The weakness of Judge .Cowen’s position is further illustrated by a not unrealistic hypothetical. Assume that applicable state law requires that all law enforcement officers be at least 21 years of age. May an 18-year old female applicant, whose application for employment with a township police department was denied, proceed to trial on the strength of evidence that the Township Police,Chief has openly expressed his view that women should not be hired as police officers because they do not have the strength necessary to do the work required by the police department? I would suggest that the only rational answer is no.

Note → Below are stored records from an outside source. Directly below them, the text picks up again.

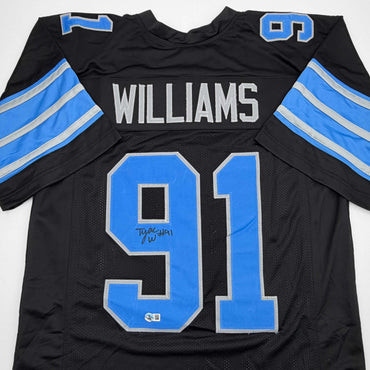 Autographed/Signed Tyleik Williams Detroit Black Football Jersey Beckett BAS COA (ONLINE ORDER ONLY)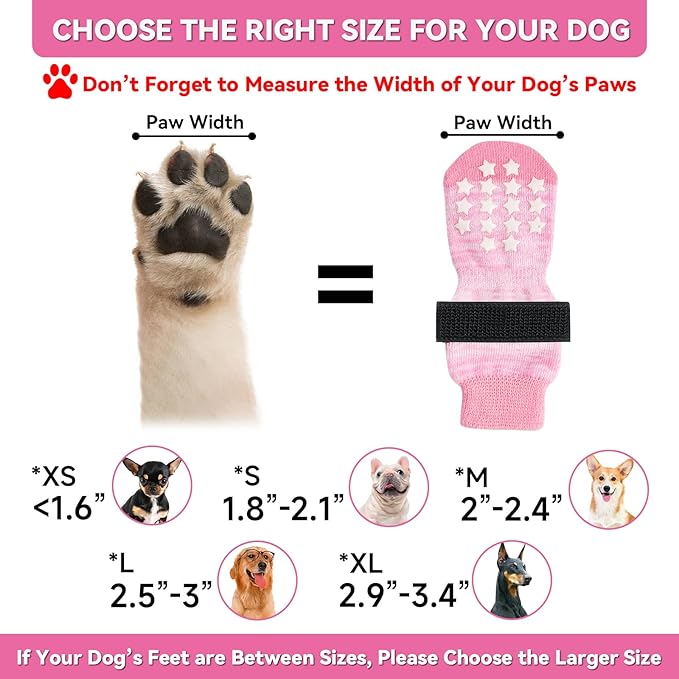 Non Slip Dog Socks to Prevent Licking Paws - Dog Booties for Hardwood Floors Anti Slip - Grippy Socks for Senior Dog - Double Side Paw Protector Prevent Scratching for Hot Pavement. (Pink, M)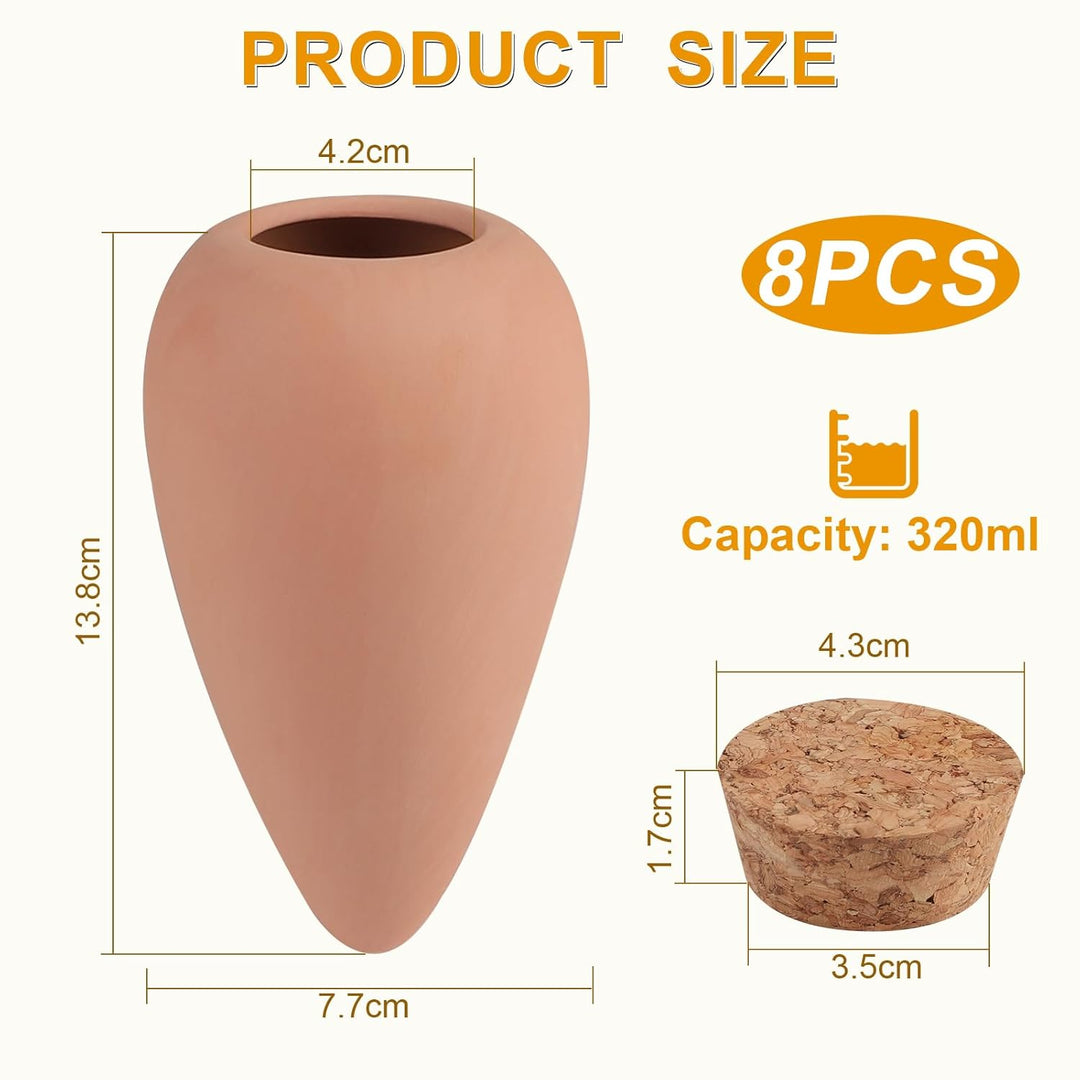 8 × 320ml Tonkegel Bewässerung Rettichkegel mit Deckel Pflanzen Bewässerungskegel Pflanzen Wasserspe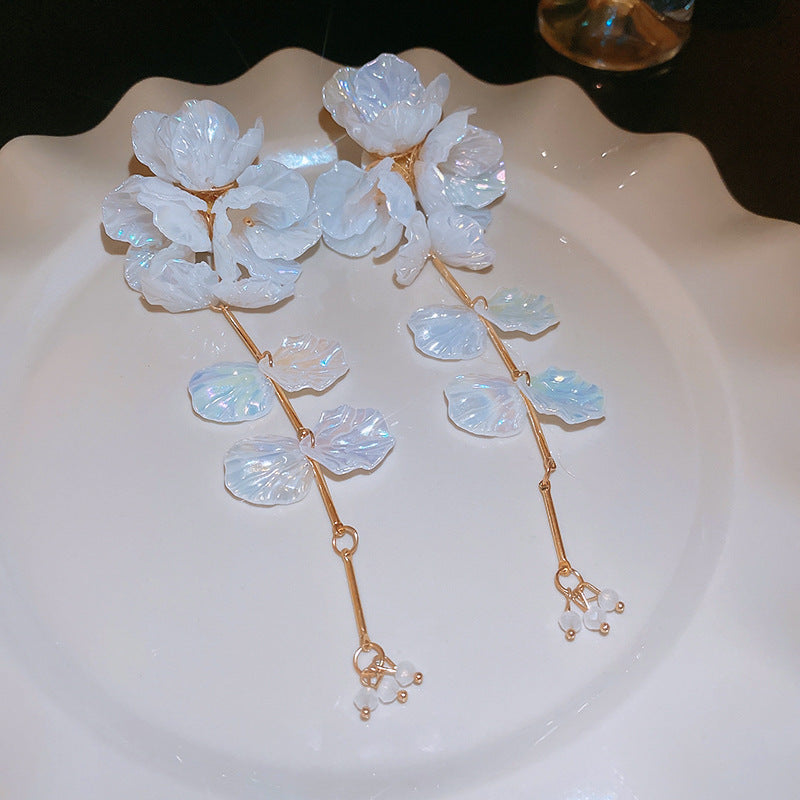 波西米亞超仙花朵流蘇耳環女早春時尚百搭耳釘輕奢高級感耳飾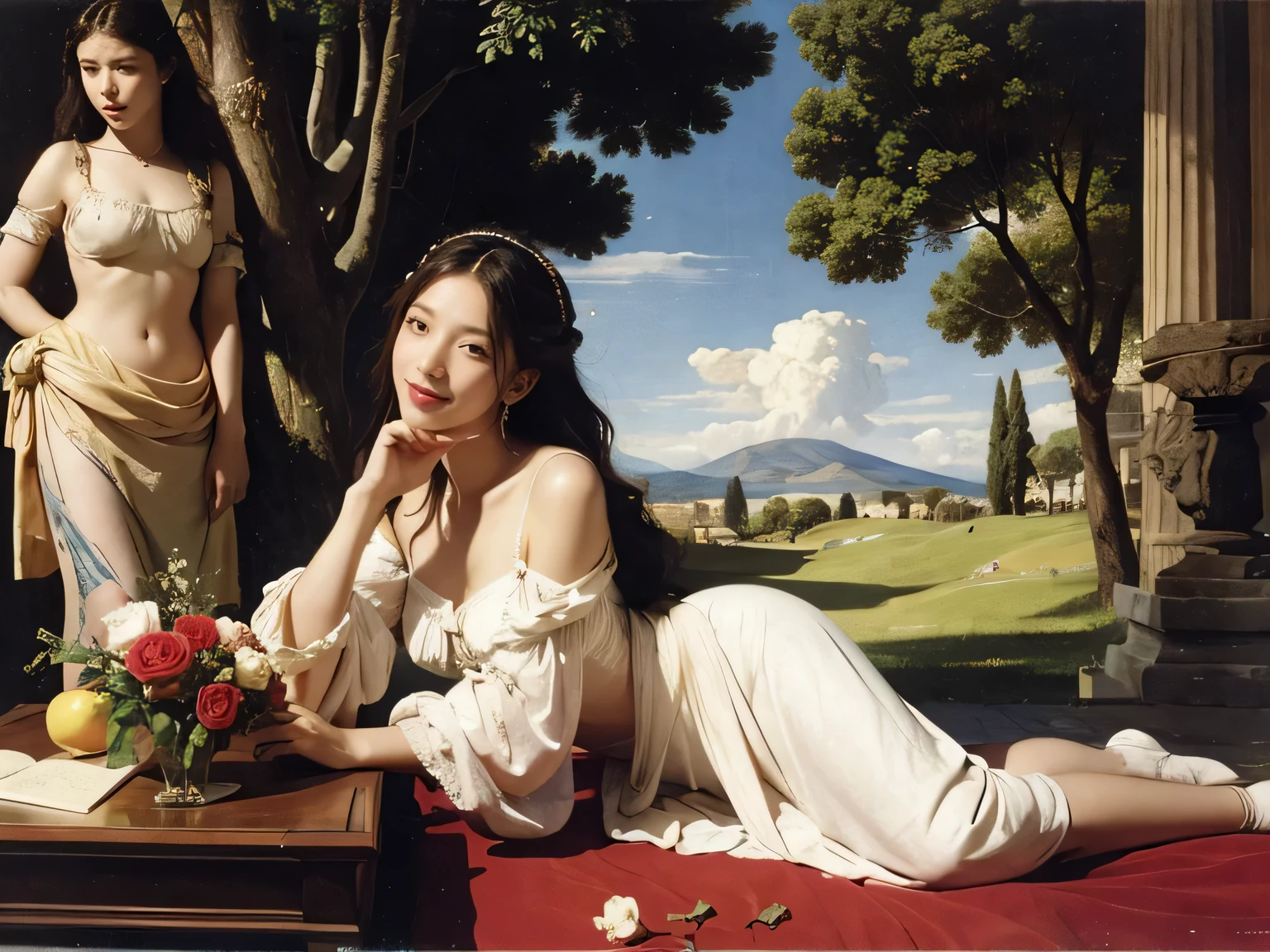 full body portrait or statue、Stained glass、Vigée Leblanc style、math、Astronomical machinery、astronaut、roses in vase、fruits、Cute trinkets、smile、ancient greek costume、Sandro Botticelli paintings、Clothes that stretch your shoulders、A big smile、expression of ecstasy、sexy、beautiful bare skin、A detailed representation of the seducing woman throughout her body.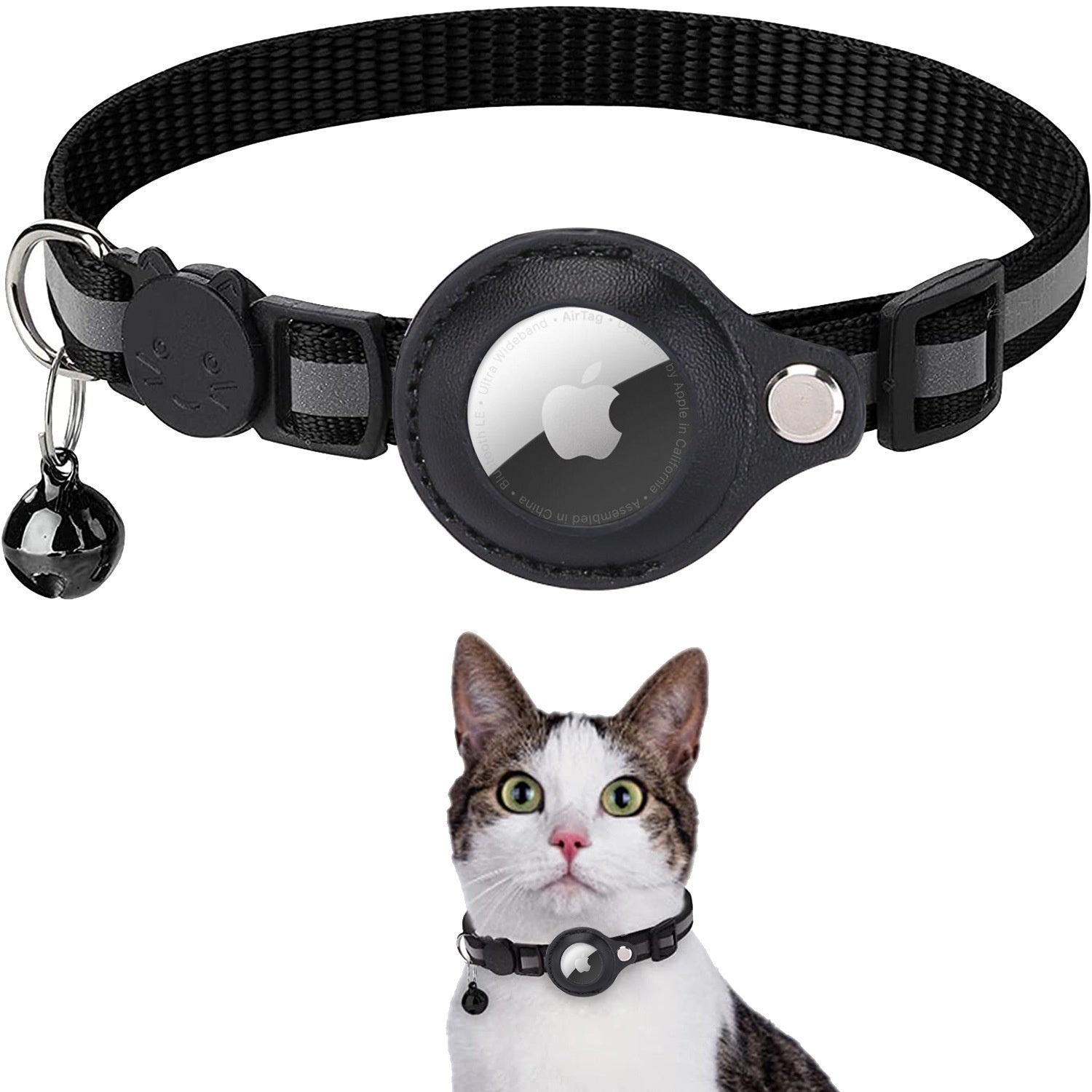Premium Cat Collar AirTag Holder Reflective Adjustable Detachable Bell Pet Collar Secure Fit Lightweight Design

The hypothetical situation is not dissimilar to that here — a remark has been made that can be deemed evidence of discriminatory motive and the plaintiff fails to satisfy an objective qualification for the position. I do not believe that Congress anticipated that a plaintiff who patently failed to show that s/he has the minimum qualifications for the position could proceed to trial because of the Civil Rights Act of 1991.
Because Hankins failed to satisfy an objective qualification for the Program Director position, I would affirm.
. There is no reason for the majority to be mystified by this assertion. Because of the pendency of this lawsuit, the City was understandably reluctant to find a permanent replacement. Jesse Milan was never employed by the City, having been on loan from Temple University. The other two individuals referred to by the majority, Patricia Bass and Joseph Cronauer, were hired on a contract basis. None of these individuals were hired at time Hankins had applied or Scott had been given the position.
. Another decision targeted, Wards Cove v. Atonio, 490 U.S. 642, 109 S.Ct. 2115, 104 L.Ed.2d 733 (1989), was viewed as retreating from the disparate impact decision in Griggs v. Duke Power Co., 401 U.S. 424, 91 S.Ct. 849, 28 L.Ed.2d 158 (1971), and Albemarle Paper Co. v. Moody, 422 U.S. 405, 95 S.Ct. 2362, 45 L.Ed.2d 280 (1975), by placing the burden on the plaintiff to demonstrate which criteria within a multi-factor employment practice have a disparate impact. Section 105 of the 1991 Act sought to restore the business necessity defense to its pre-Wards Cove status by amending 42 U.S.C. § 2000e-2.